Whether a user goes onto visit your website depends on whether what you are offering is suitable. Untargeted ads mean you will get fewer relevant clicks – and you will even turn off suitable prospective members if your proposition seems unclear or unsuitable.
Unsurprisingly this is about high quality, frequently updated content and good user experience.
To gain members you need to be clear about reasons to register, including providing incentives on your site if you can. You should also optimise the registration process, and your whole website, to encourage people to register. A simple way of seeing how effective your website registration process is, is setting up a ‘goal’ in Google Analytics. The goal should be reaching the registration confirmation page and you should put in conditions that the user should have been through the registration form to get to the confirmation page (to ensure Analytics doesn’t confuse any stray visits with successful sign-ups). Another fantastic benefit of setting up a member registration goal using Google Analytics is you can also view referrers in relation to successful goals.
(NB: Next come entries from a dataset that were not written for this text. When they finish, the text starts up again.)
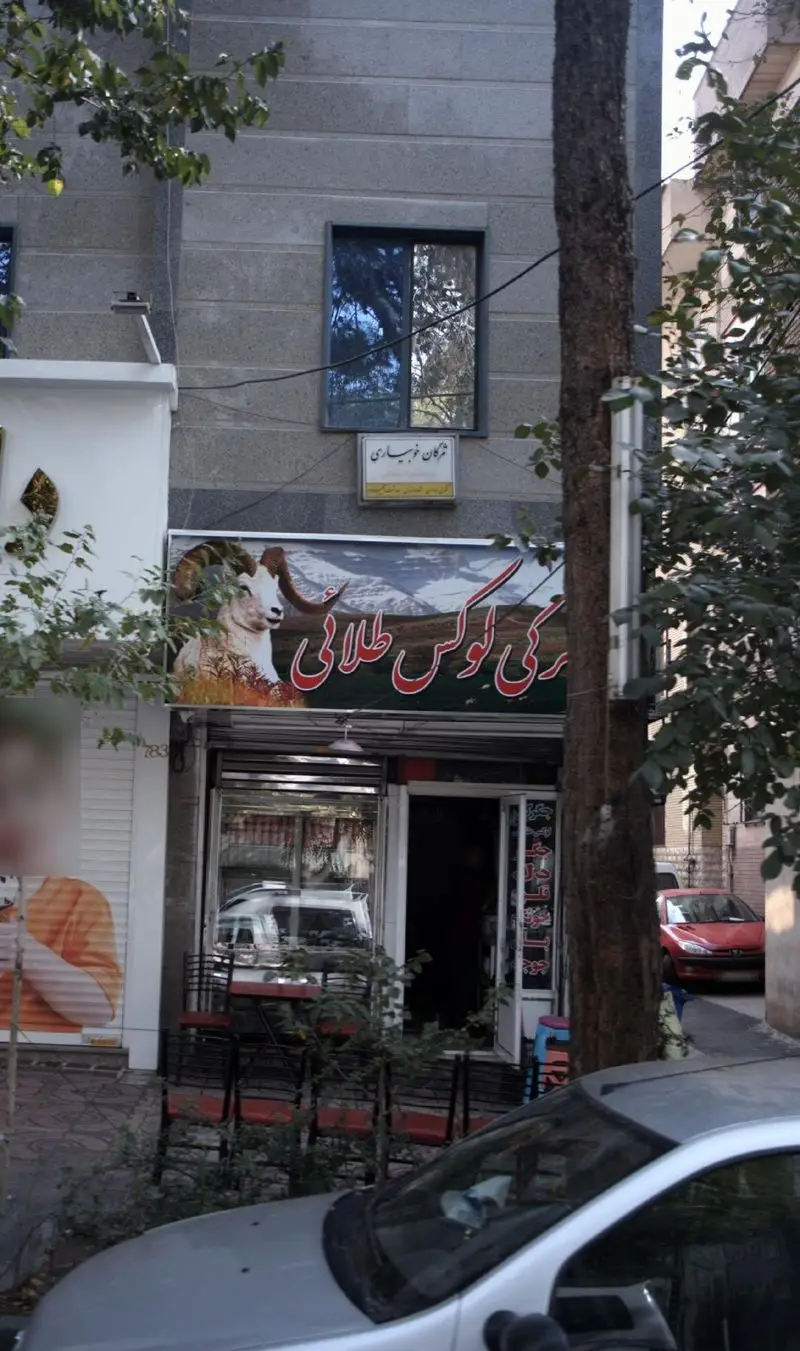 نمای بیرونی جگرکی لوکس طلائی، با تابلوی چشم‌نواز شامل گوسفند شاخ‌دار و کوهستان، میز و صندلی در پیاده‌رو، مکانی دلپذیر برای کباب.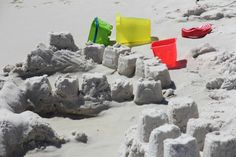 colorful plastic chairs and sandcastles on the beach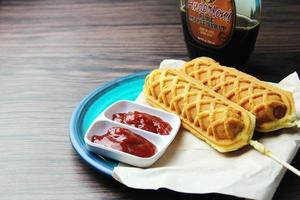 waffle sticks Corn dogs Hot Dog Waffles on a Stick  Ketchup on a wooden table photo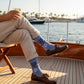 Mellow Monkey heather blue novelty socks with anchor graphic and I'm The Friend With The Boat text worn on a boat deck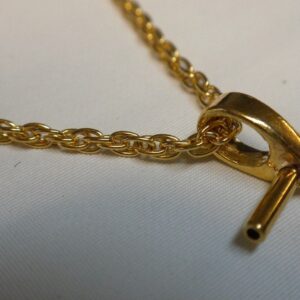 Close-up of a gold chain necklace with a bar toggle clasp.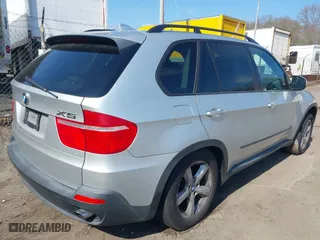 2009 BMW X5 30i with VIN 5UXFE435X9L272544, listed as a IAAI auction lot 42017376 with 118,793 mi miles. Bid and sale history available at carsss.com. Image 4.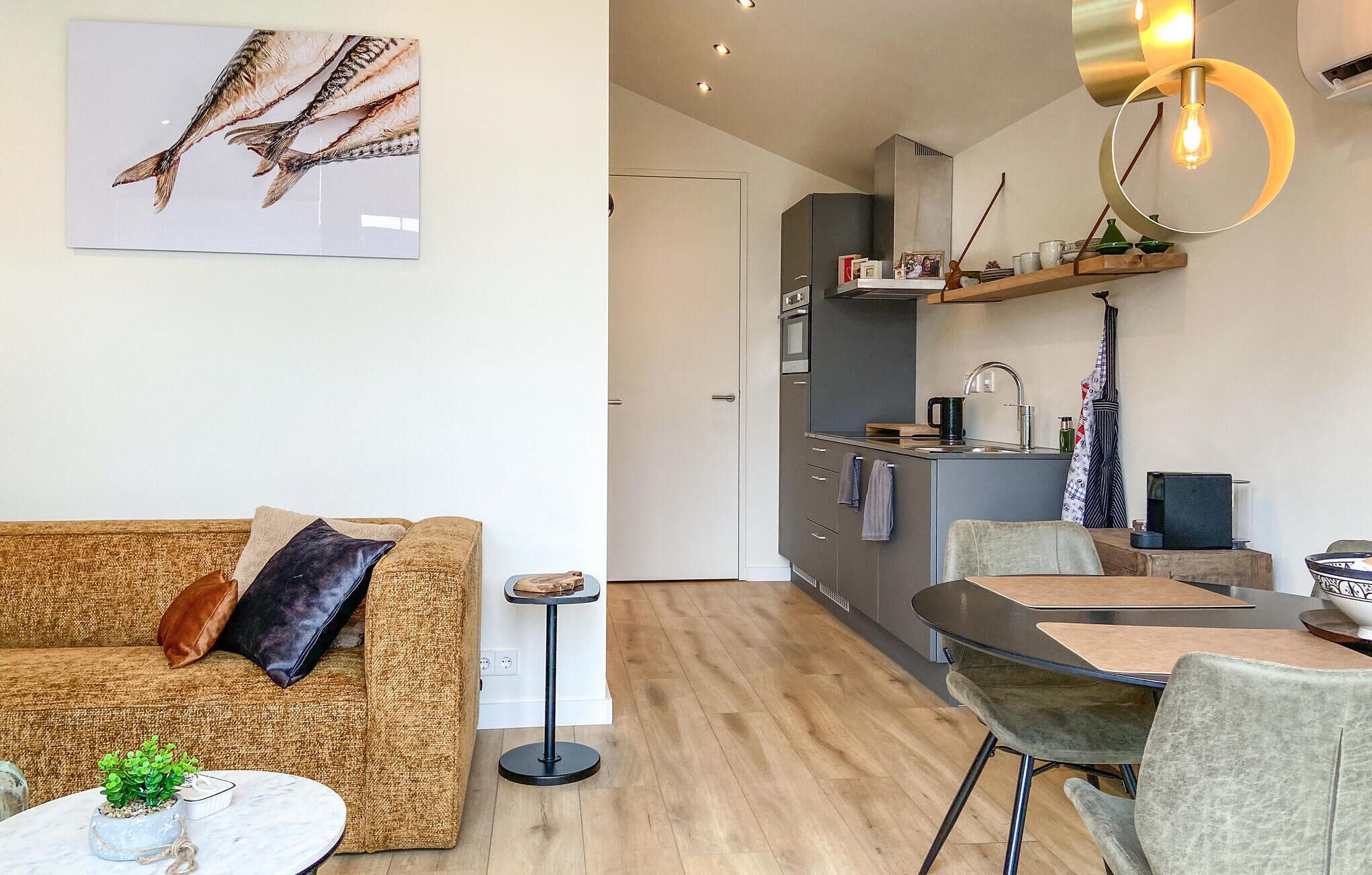 Un salon moderne avec un canapé, une petite table d’appoint et un coin repas comprenant une table et des chaises.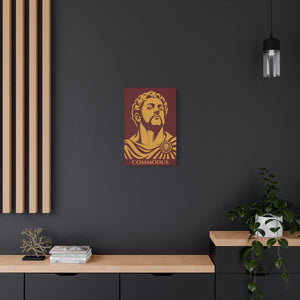 Canvas wall art with a bold illustration of Roman emperor Commodus on a dark wall above a wooden shelf.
This means you can see which of your marketing activity returns the best member conversion. (I may write more on this in a future post).
This is about design and nuture: facilitating, encouraging, providing reasons for your members to make the leap and interact. If possible, provide more than one way to do this – with polls, recommending links, submitting video – not just discussions or q&a. For example, the everywoman Network has run highly successful awards that have encouraged members to become active for the first time.